In an alternate universe we could be generating 80% of our grid energy by nuclear power today, and the last major hurdle for climate change would have been electric cars. Oh well, coal miners need jobs I guess * eye roll *
And how could have that stopped us exploiting gas and natural deposits??
@@aturchomicz821 I mean, it's make belief, so who knows what else we would have needed to change. But we could have embraced nuclear purely for economic reasons in the 70s and 80s, then when people started talking about climate change in the 90s we could have fully embraced it. 25 years later, i.e. today, nuclear could have dominated our energy production.
Coal miners and lobbyists. Any "green energy" initiative that omits nuclear as the backbone of energy supply in the world is doomed to fail. Hydroelectric is really the only large-scale viable "green" energy source, and it's highly terrain-dependent. Solar and wind are just too inefficient and expensive to supply the world's demands.
Of course, the anti-nuclear crowd's response is that there are too many people and we need to kill about 1/3 of them off to save the planet.
Alternative universe also known as France
@@ClokworkGremlin You're about 10-20 years behind. Catch up
Austria holds the world record: The safest nuclear power plant.
@@zUJ7EjVD Safe is such a relative term. All nuclear power plants are safe until the accident happens.
One can use an mathematical-statistical approach. On basis of the actual available knowledge and experience any risk sensitiv model shows that the propability of a new catastropic incident will happen is almost 100%, the more nuclear power plants the more frequent it will happen. Just a matter of time. Let us hope that it wont happen soon (or for nimbys: or far away and that self won't own property in the evacuation zone). Cheers!
@@zUJ7EjVD do wind turbines and solar panels kill people?
@@edopronk1303 yes
@@haoxuan7909 please explain. I am interested how.

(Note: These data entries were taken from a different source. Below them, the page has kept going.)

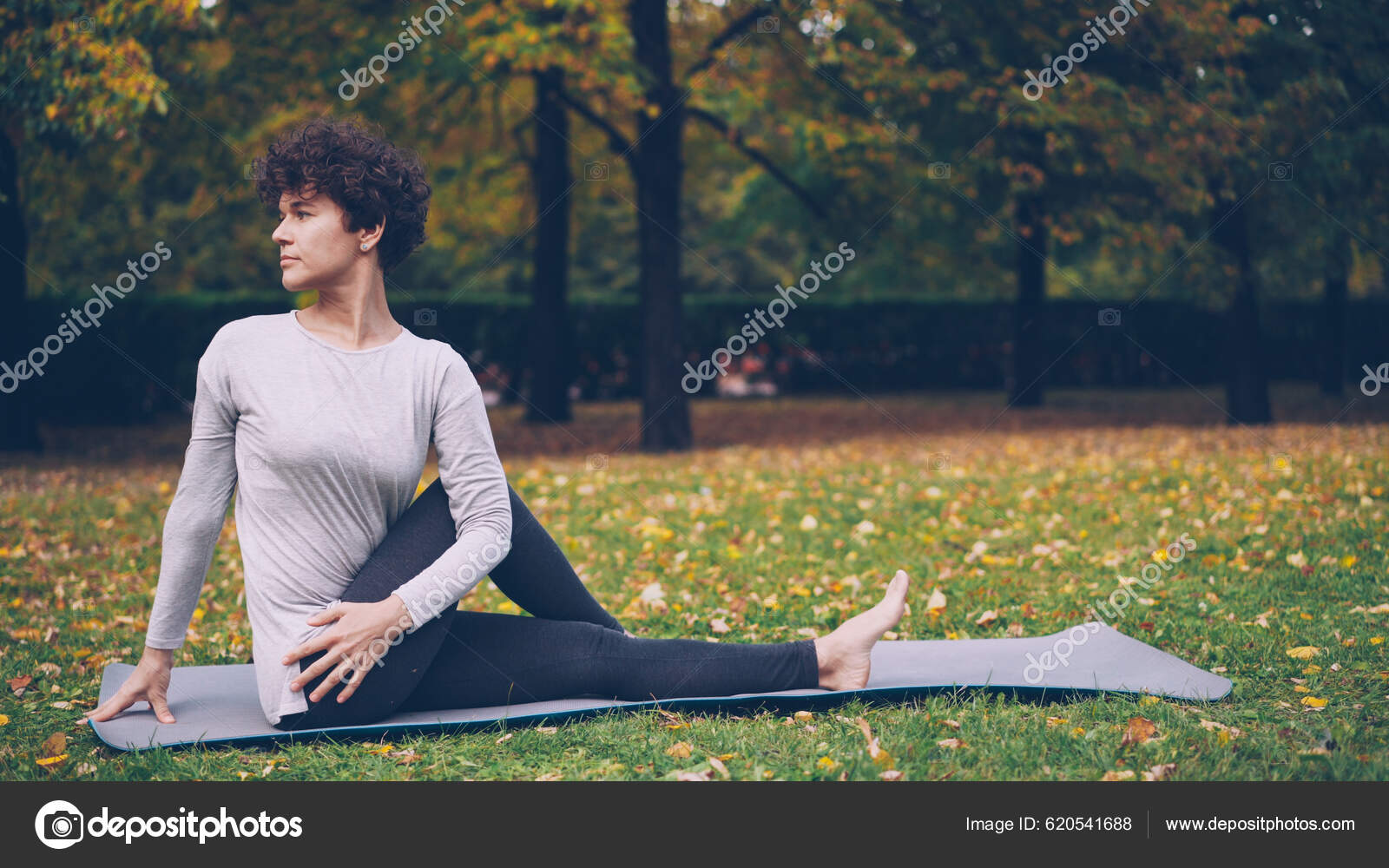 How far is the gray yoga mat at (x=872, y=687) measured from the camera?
3205mm

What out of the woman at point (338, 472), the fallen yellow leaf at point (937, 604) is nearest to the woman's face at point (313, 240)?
the woman at point (338, 472)

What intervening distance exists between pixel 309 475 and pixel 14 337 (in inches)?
376

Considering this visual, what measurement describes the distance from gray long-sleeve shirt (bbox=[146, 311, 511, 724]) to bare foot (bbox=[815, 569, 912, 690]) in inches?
41.0

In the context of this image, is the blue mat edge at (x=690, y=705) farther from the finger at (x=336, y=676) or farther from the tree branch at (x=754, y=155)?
the tree branch at (x=754, y=155)

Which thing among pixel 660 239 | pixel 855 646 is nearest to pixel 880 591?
pixel 855 646

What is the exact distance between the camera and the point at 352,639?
115 inches

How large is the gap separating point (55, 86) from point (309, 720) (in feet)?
20.0

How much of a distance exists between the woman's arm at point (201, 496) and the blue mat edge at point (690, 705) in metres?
0.40

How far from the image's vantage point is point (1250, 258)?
41.3ft

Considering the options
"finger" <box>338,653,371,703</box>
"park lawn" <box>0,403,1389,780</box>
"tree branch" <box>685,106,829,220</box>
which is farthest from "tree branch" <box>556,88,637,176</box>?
"finger" <box>338,653,371,703</box>

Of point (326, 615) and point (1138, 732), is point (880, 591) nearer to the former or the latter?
point (1138, 732)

@@edopronk1303 wind energy farms cause sleep disturbance, excessive tiredness, headache, stress, and distress, wind tubines can disintegrate during extreme weather and there is of course a small possibility of casualties when maintaining the turbine
In my opinion nuclear energy is the future, our energy needs are increasing and solar and wind farms would not be able to provide enough electicity we should decomision all coal and fosil burning powerplants and use nuclear for our main source of energy and eventually add solar and wind power in to the mix, at least until those are able to provide enough energy to satisfy our needs
In terms of efficiency. But in the public eye we need more time.
What needs to be fixed is efficiency and then wind and solar would be enough, maybe with hydro for peaks
I agree but it’s the price, nuclear is just too expensive
Couldn't agree more. Scientists have been saying this for some time, too.
Sadly, the perception of most people is totally opposite on this.
Add in to the mix; big international million dollar industry which does not want these things to change, and you got yourself fighting in a losing battle.
Conventional nuclear energy is everything but the future, it's outdated. We may talk about fusion in 10-20 years, but in the meantime, wind and hydro (solar for heat and decentralised usage) are the way to go.
as a non english speaker, i like how you make well composed video in 5 minutes
it really makes easier for me to watch casually
The Austrian guy should make asmr
That's a hell of a lot of electricity to let go to waste.
Not electricity but a work of the state slaves.
and money
@@ufi9540 what?
@@SkaffaS
Reactor was never switched on. So electricity was never wasted. Only work of the state slaves who worked to build up reactor has been wasted.